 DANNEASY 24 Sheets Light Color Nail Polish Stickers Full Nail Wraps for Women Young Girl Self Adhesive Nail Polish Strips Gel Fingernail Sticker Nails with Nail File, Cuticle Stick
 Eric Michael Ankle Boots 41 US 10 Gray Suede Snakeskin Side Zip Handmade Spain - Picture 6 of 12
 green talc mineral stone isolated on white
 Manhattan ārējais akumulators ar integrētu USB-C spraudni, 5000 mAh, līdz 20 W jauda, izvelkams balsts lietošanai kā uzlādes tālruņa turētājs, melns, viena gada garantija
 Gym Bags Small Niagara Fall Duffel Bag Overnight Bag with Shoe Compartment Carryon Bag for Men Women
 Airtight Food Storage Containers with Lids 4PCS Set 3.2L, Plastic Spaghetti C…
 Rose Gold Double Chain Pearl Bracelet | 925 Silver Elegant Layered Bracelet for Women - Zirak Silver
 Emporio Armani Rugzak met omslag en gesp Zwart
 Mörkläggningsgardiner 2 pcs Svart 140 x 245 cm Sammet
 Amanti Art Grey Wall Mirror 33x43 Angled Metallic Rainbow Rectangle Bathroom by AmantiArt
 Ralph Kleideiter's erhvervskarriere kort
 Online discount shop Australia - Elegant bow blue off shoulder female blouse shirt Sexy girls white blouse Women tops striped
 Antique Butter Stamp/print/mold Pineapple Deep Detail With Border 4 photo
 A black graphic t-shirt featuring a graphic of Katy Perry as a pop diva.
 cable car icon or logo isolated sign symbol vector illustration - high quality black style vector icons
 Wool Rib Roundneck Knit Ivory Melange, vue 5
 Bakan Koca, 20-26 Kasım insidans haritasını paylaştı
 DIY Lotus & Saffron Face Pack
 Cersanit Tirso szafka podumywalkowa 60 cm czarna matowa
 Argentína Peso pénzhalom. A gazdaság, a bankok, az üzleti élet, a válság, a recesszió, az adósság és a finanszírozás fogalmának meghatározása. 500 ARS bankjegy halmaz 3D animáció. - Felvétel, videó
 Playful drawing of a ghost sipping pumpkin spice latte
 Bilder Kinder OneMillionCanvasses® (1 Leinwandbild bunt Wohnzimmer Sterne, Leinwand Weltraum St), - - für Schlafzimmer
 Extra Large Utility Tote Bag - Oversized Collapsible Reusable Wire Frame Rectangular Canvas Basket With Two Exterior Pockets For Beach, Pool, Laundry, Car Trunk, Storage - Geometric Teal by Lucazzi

(WHAT IS EXPECTED): Exactly reproduce the line containing "Mörkläggningsgardiner 2 pcs" and all lines after it in the material, stopping only at the end.

(YOUR RESPONSE):
 Mörkläggningsgardiner 2 pcs Svart 140 x 245 cm Sammet
 Amanti Art Grey Wall Mirror 33x43 Angled Metallic Rainbow Rectangle Bathroom by AmantiArt
 Ralph Kleideiter's erhvervskarriere kort
 Online discount shop Australia - Elegant bow blue off shoulder female blouse shirt Sexy girls white blouse Women tops striped
 Antique Butter Stamp/print/mold Pineapple Deep Detail With Border 4 photo
 A black graphic t-shirt featuring a graphic of Katy Perry as a pop diva.
 cable car icon or logo isolated sign symbol vector illustration - high quality black style vector icons
 Wool Rib Roundneck Knit Ivory Melange, vue 5
 Bakan Koca, 20-26 Kasım insidans haritasını paylaştı
 DIY Lotus & Saffron Face Pack
 Cersanit Tirso szafka podumywalkowa 60 cm czarna matowa
 Argentína Peso pénzhalom. A gazdaság, a bankok, az üzleti élet, a válság, a recesszió, az adósság és a finanszírozás fogalmának meghatározása. 500 ARS bankjegy halmaz 3D animáció. - Felvétel, videó
 Playful drawing of a ghost sipping pumpkin spice latte
 Bilder Kinder OneMillionCanvasses® (1 Leinwandbild bunt Wohnzimmer Sterne, Leinwand Weltraum St), - - für Schlafzimmer
 Extra Large Utility Tote Bag - Oversized Collapsible Reusable Wire Frame Rectangular Canvas Basket With Two Exterior Pockets For Beach, Pool, Laundry, Car Trunk, Storage - Geometric Teal by Lucazzi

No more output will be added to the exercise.